Nuestro contacto con la nación, pues, juega hoy de esta manera: es íntimo, casi privado, porque hemos renunciado a participar en una colectividad política que pone nuestras esperanzas a merced de unos intereses que no nos llevan donde queremos ir. Descosernos del movimiento y hacer marcha atrás no nos ha descosido de la nación —siempre más sólida y más fuerte que unas circunstancias— sino que nos ha recosido a ella porque sentimos que no tenemos nada más. La otra cara de la moneda es un desencanto y un autoodio que está muy bien para hacer cuatro tuits y alimentar el ego con likes, pero nos niega a nosotros mismos. Nuestros vínculos son gruesos, nuestra idea de libertad es vivida, la independencia es justa y se alimenta de una historia, de todas nuestras circunstancias y experiencias personales, es movida por una rutina que nos empuja.

Separar el dolor de la identidad, en el caso del movimiento independentista nos puede haber ayudado a preservarla y a reconectar. Pero si no aprendemos nada, si no racionalizamos este proceso y lo dotamos de una intelectualidad y un talento que lo fecunden, la próxima generación que hará el palangana será la nuestra. Lo tenemos más fácil que nuestros padres porque habiendo sido la rendición del 2017 uno de nuestros primeros choques políticos, podemos verlo desnudo.
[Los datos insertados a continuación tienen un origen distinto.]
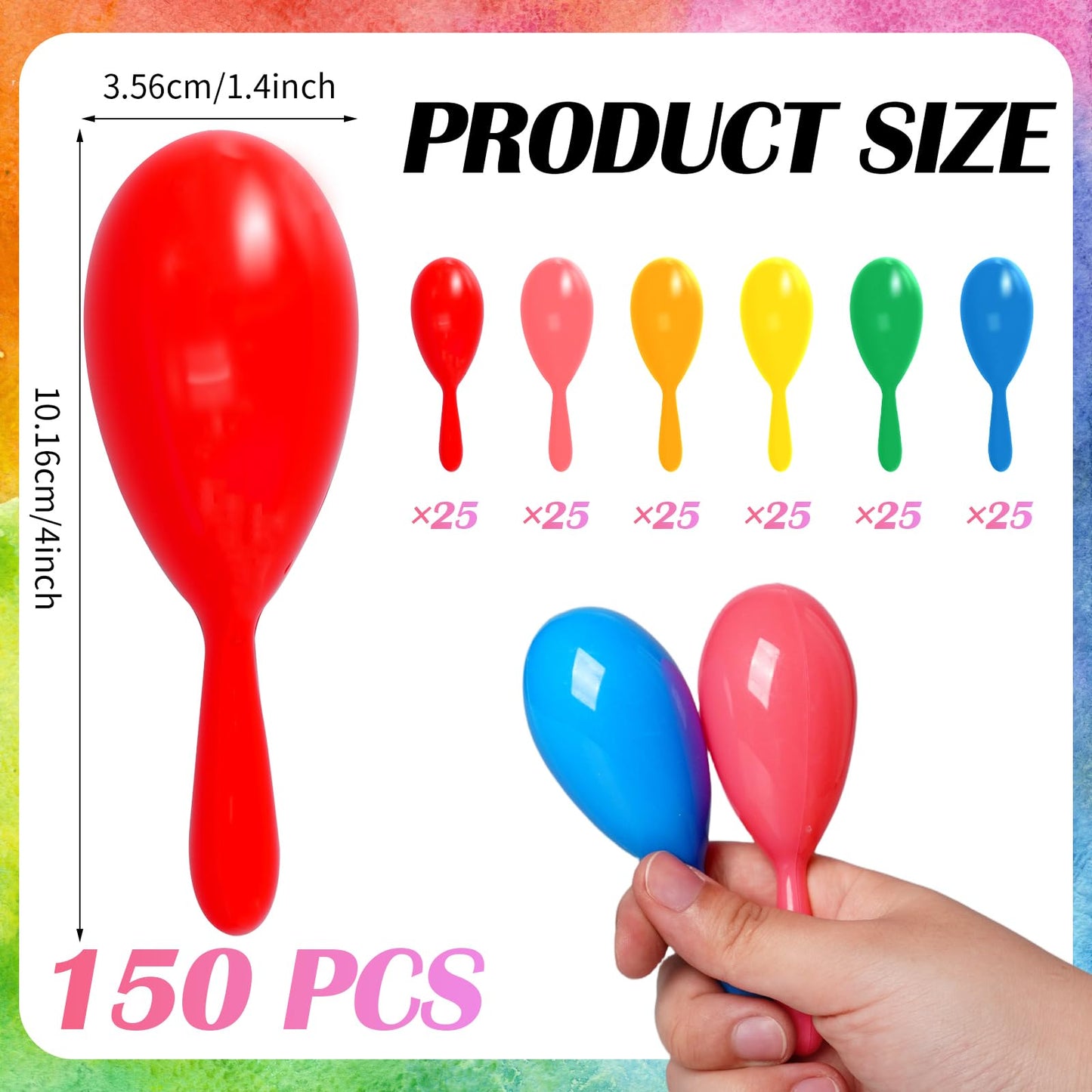 CONEHOY 150 Pcs 4 Inch Mini Maracas Plastic Noisemaker Musical Instruments Neon Maracas Shakers for Kids Birthday Party Classroom Mexican Fiesta Cinco De Mayo Party Favors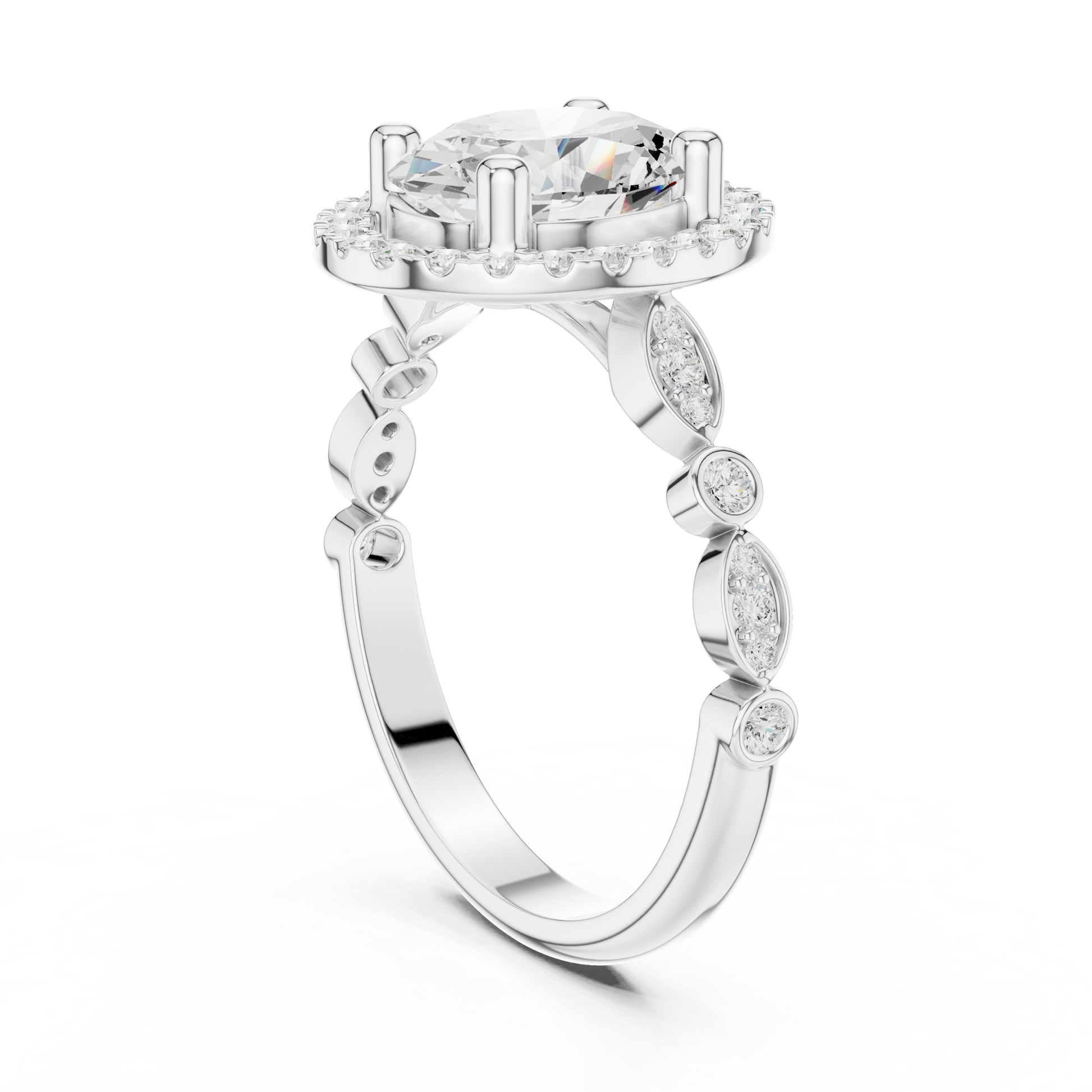 Mixed Shape Lab Grown Diamond Halo Ring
Pero si no lo integramos, si quedamos separados de él, no podremos utilizar el conocimiento sobre el país y sobre el funcionamiento de la política que los errores y las cobardías de otros nos han traspasado. Si no hacemos cultura política, no tendremos capacidad de resistencia cuando nos toque. Nadie lo tendrá más fácil porque nosotros sabemos cómo no se tiene que hacer y todavía querremos hacerlo.